On 11/30/2012 04:58 AM, the mail apparently from Andy Green included:
On 11/30/2012 01:57 AM, the mail apparently from Alan Stern included:
On Thu, 29 Nov 2012, Andy Green wrote:
However I think what you're saying about binding to hub power is good.
The hub ports are not devices, but it would be possible to bind an asset
array to them and make the pre- and post- code functions.
In the 3.6 kernel, hub ports are not devices. In 3.7 they are -- that
is, each hub port has its own struct device.
Right, I should have seen this in hub.c before. It's much better like
that.
I think it will be possible to address objections around the "pathiness"
by being able to seed the path match with a platform_device pointer
(there exists in the board file time a platform_device for ehci-omap.0
...) and just matching the remainder on a single usb device's name, like
"*-1.1-1".
Can you think of a way to do this without checking for a match every
time a new device is registered? For instance, in this case it would
be preferable to do this match only for descendants of ehci-omap.0. To
match the port device, the string would have to be something like
"*-0:1.0/port2".
Yes. How about adding a third callback to struct device_asset, along
the lines of
int (*pre_child_register)(struct device *child);
then, in register_device() we add code that before we get down to it, we
walk up the new device's parents calling ->pre_child_register() on any
assets the parents may have. In the typical case that's a rapid NOP
once per device registration.
However... if we had arranged back at boot time that the ehci-omap.0
struct device had an asset with only pre_device_register callback set,
we can use that asset's .name for the right-justified child device name
we are looking for like "-0:1.0/port2", and its .asset member to point
to another asset table the pre_child_register callback will attach to
the child device if the name matches. So in the board file:
struct device_asset ehci_omap0_smsc_hub_port_assets[] = {
/* the smsc regulator and clock assets destined for the hub
port */
{ }
};
/* below is attached to ehci-omap.0 like in try#1 */
struct device_asset ehci_omap0_assets[] = {
{
.name = "-0:1.0/port2",
.asset = ehci_omap0_smsc_hub_port_assets,
.pre_child_register = device_asset_attach_to_child,
},
{ }
};
In that way we can project as many stashed asset tables on to
dynamically probed devices as we like from the platform_devices at boot
time. Only children of the right platform devices do any checking or
processing.
In fact, if the match were anchored at the end of the string, we
wouldn't need the wildcard at all -- at least, not in this case. The
string could simply be "-0:1.0/port2". But that's only if the match is
restricted to devices below ehci-omap.0.
It's a good idea, it won't get fooled by a hub getting plugged there
which has its own port2 either, the -0:1.0 bit will have been elaborated
for the subsequent hub "path" and won't match.

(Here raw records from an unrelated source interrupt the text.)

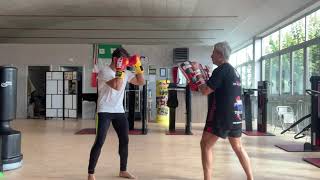 Allenamento di KickBoxing  4 combinazioni di calci e pugni ai colpitori [upl. by Gene]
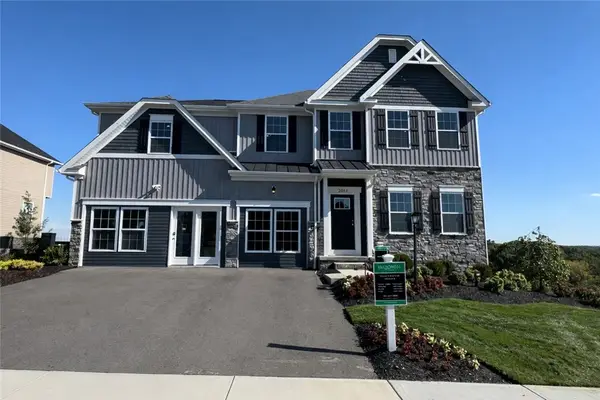 166 Victoria Dr, Moon/Crescent Twp, PA 15108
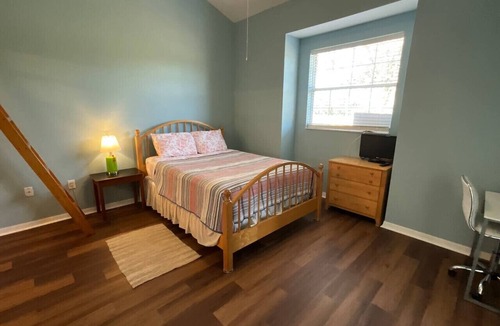 Williston Other | Two Hawk Guest Room 4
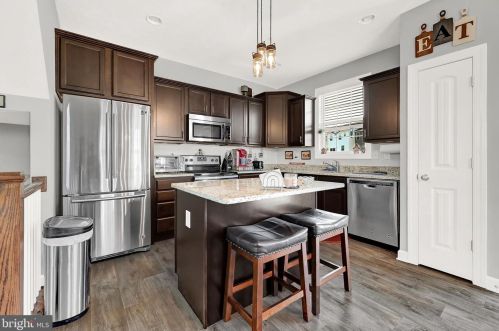 134 Overlook Dr, Hanover PA  17331-9136 exterior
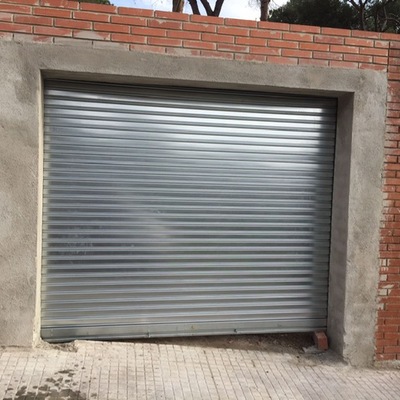Puerta enrrollable en obra nueva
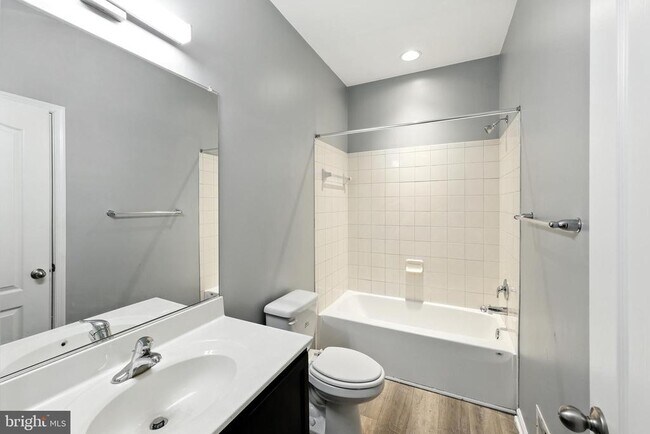Building Photo - 4905 Forest Pines Dr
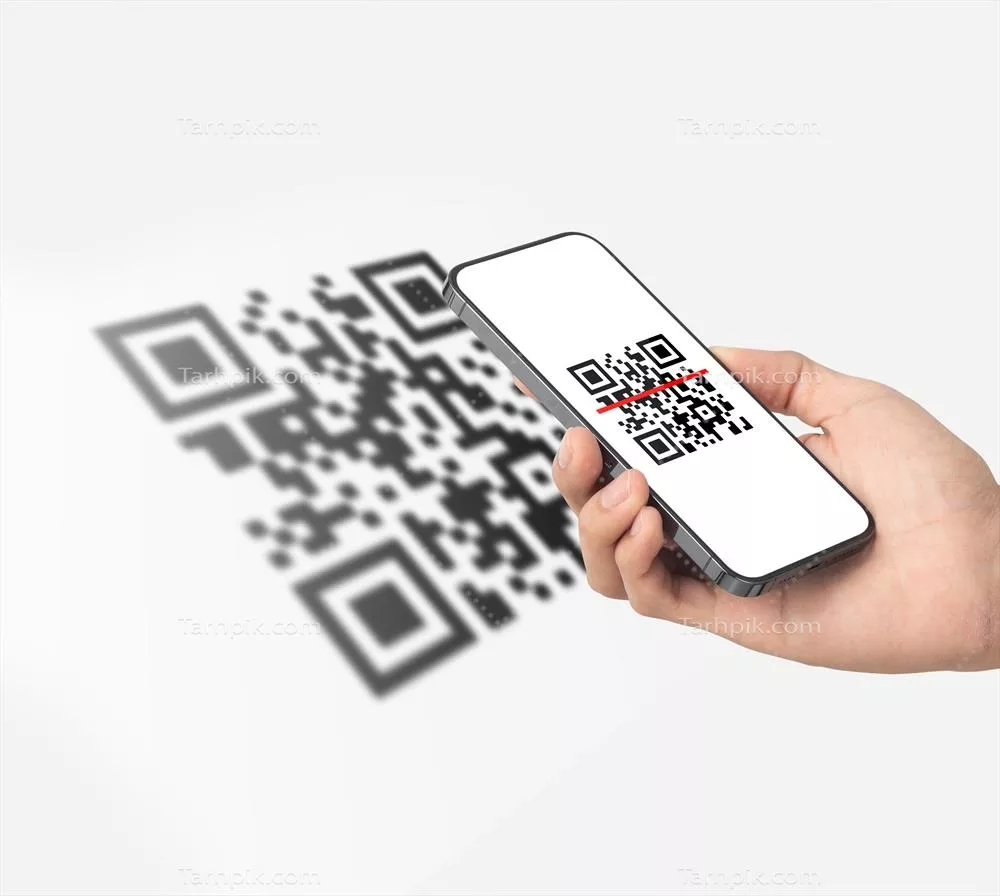 عکس استفاده از تلفن همراه برای اسکن کد QR و پرداخت دیجیتال بدون پول نقد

It may be neater to split out the device_asset callbacks to an ..._ops
struct.
struct device_asset_ops {
int (*pre_probe)(struct device *device, struct device_asset
*asset);
void (*post_remove)(struct device *device, struct device_asset
*asset);
int (*pre_child_register)(struct device *child);
};
struct device_asset {
...
struct device_asset_ops *ops;
};
that also lets us export and set one thing to select say regulator
"handler", instead of n callbacks that must match.
I have everything discussed above ready for a try#2, including the
descendant matching stuff in separate patches. The code got a lot
smaller and better with the _ops struct.
The new code can attach the assets to the targeted hub port as discussed
(using only "-0:1.0/port1" and only checking ehci-omap.0 descendants at
device_add() time), but the hub port device never probes, unless I
missed the point it's because it actually never binds to a driver, it's
a very unusual standalone logical device.
If that's the case I could work around that by doing the probe() asset
stuff at device_add() time if there's no driver name on the device, but
actually I am not sure that's where we wanted to end up.
Now we got so far as to succeed to associate regulator + clock assets to
the logical hub port device, isn't it that we want the assets to be
enabled and disabled according to hub port power state? In that case it
needs to go in the direction of calling device_asset helpers in the
hub.c code that handles enable and disable hub port power. Is this
sounding like the right way, or something else?
-Andy
Something else I think mux would be a great target for device_asset
support. That way it could become normal for mux function to get set as
part of the specific device instantiation, so if you know you have an
8-bit ULPI PHY that will be logically created by the platform_device,
you can attach ULPI-mode mux config appropriate for your exact SoC as an
asset to the platform_device.
When the device is destroyed, balls can go back to safe mode and save
power, and if the balls are muxed with other things again the right mux
asset can be associated with that so it switches automagically according
to what you are doing. That's a lot better than forcing them once at
boot which is the current method. Are there any gotchas with that?